Figure 8 Alignment of same mature regions but different signal regions in the O superfamily sequences from our C. striatus transcriptomes.

Discussion

With the rapid development of high-throughput transcriptomics and the continuous reduction of costs, transcriptome sequencing technology has been used to explore conotoxins in many Conus species (Dutertre et al., 2014; Rajaian Pushpabai et al., 2021). According to the ConoServer database, the current list of 8,360 conotoxins from 122 cone snails has been identified through traditional methods and NGS, representing < 2% of all potential conotoxins (Kaas et al., 2008; Kaas et al., 2010; Kaas et al., 2012; Zhang et al., 2019). Although transcriptome-based NGS technology is powerful on a large scale and has been widely used to uncover Conus genes, the NGS technology may produce fragments and overlapping groups that are not spliced and may lose important information resulting in the omission of certain conotoxins (Zeng et al., 2018; Yuan et al., 2021; Zhan et al., 2021; Zhang et al., 2021). In addition, the NGS with a short read length may restrict right sequence assembly and annotation, resulting in the prediction of fewer conotoxins (Zeng et al., 2018; Yang et al., 2018b; Yuan et al., 2021; Zhan et al., 2021). The TGS technology with SMRT sequencing can overcome these limitations. This strategy can produce assembly-free, highly accurate, full-length and near full-length unigenes, significantly improving gene annotation and transcriptional quantification (Lluisma et al., 2012; Ozsolak, 2012; Cacho et al., 2014; Lavezzo et al., 2016; He et al., 2017; Liu et al., 2017; Kuang et al., 2019). As per our knowledge, no previous studies have employed the TGS technology to study C. striatus.

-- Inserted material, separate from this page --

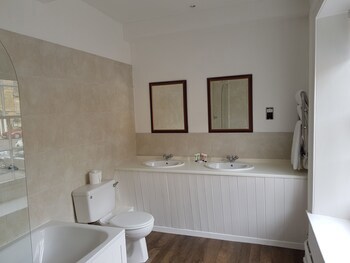 Noel Arms Hotel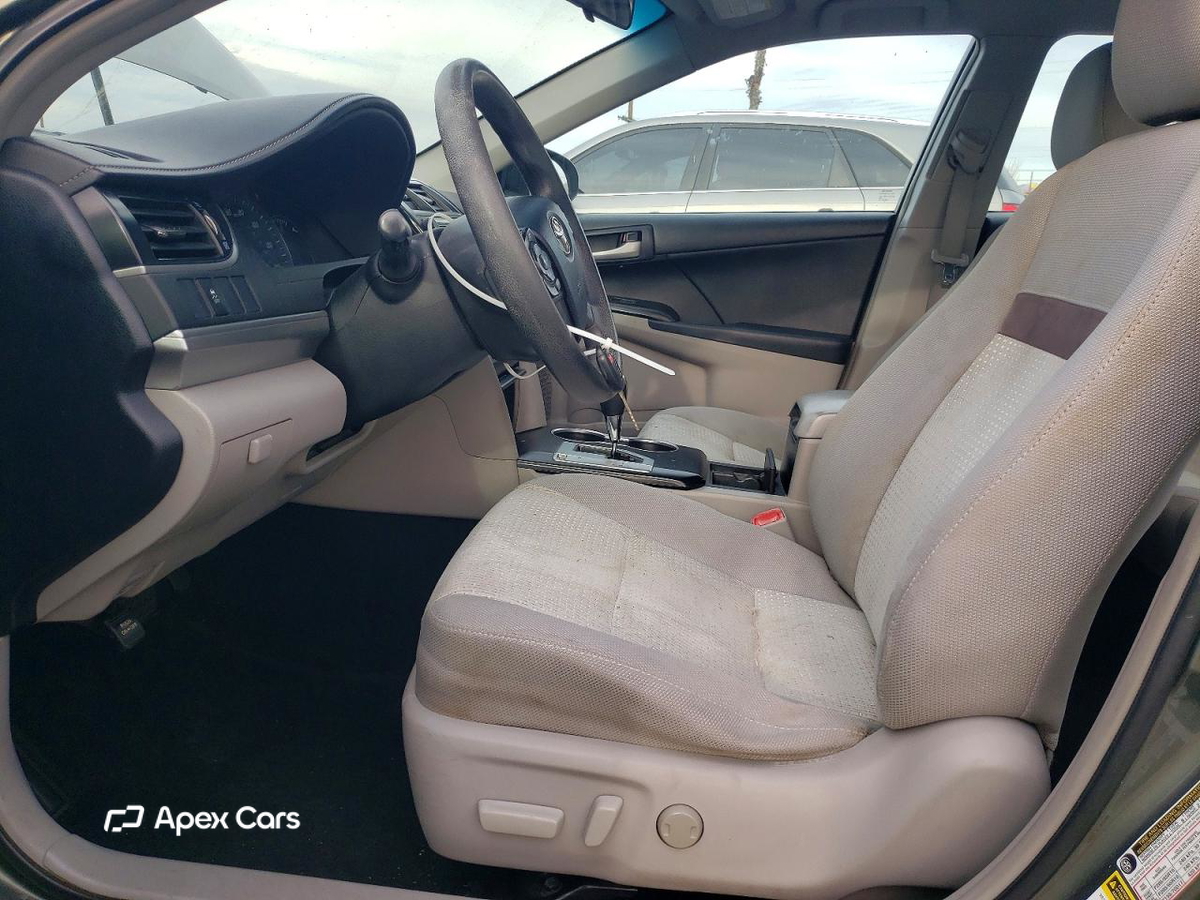 Toyota Camry 2012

To date, 423 conotoxins have been found from C. striatus using traditional methods and NGS technology, and assigned to 25 superfamilies (Himaya et al., 2021). A total of 428 unique conotoxins in RS, VD, VG, and SG from C. striatus were discovered using the combination of NGS and TGS technologies for the first time. The TGS identified almost 85.5% of the conotoxins in C. striatus, but only 82 conotoxin transcripts were identified by the NGS, confirming that the TGS technology is more efficient than the NGS in the identification of diverse conotoxins (Xue et al., 2013; Xu et al., 2015; Yang et al., 2018a). The sequences generated from the same sample had only 4.7% overlapping between the TGS and NGS technologies, which proves that the combination of the two technologies can identify more conotoxins. For the NGS, only one assembler cannot fully recover the most comprehensive toxin profile (Xie et al., 2022). However, applying multiple assemblers to improve details will become time-consuming and challenging, which requires a thorough knowledge of those assemblers. Emergence of TGS can overcome this deficiency. Although the TGS technology has more advantages, 62 toxin sequences remain undiscovered in C. striatus compared with the NGS technology. Therefore, the comprehensive strategy combines NGS and TGS technology to obtain a complete transcriptome of C. striatus, which contributes to discovering more conotoxins.

A total of 428 conotoxins and 106 related proteins (processed conotoxin peptides) were found in C. striatus by integrated sequencing technology. These conotoxins were assigned to 13 gene superfamilies, of which 11 gene superfamilies (A, B1, M, O1, O2, O3, R, T, and W) were found by the NGS, and 13 gene superfamilies were found by the TGS (A, B1, M, O1, O2, O3, R, S, T, W, and Z). The TGS technology found two gene superfamilies (S and Z) that the NGS technology could not find.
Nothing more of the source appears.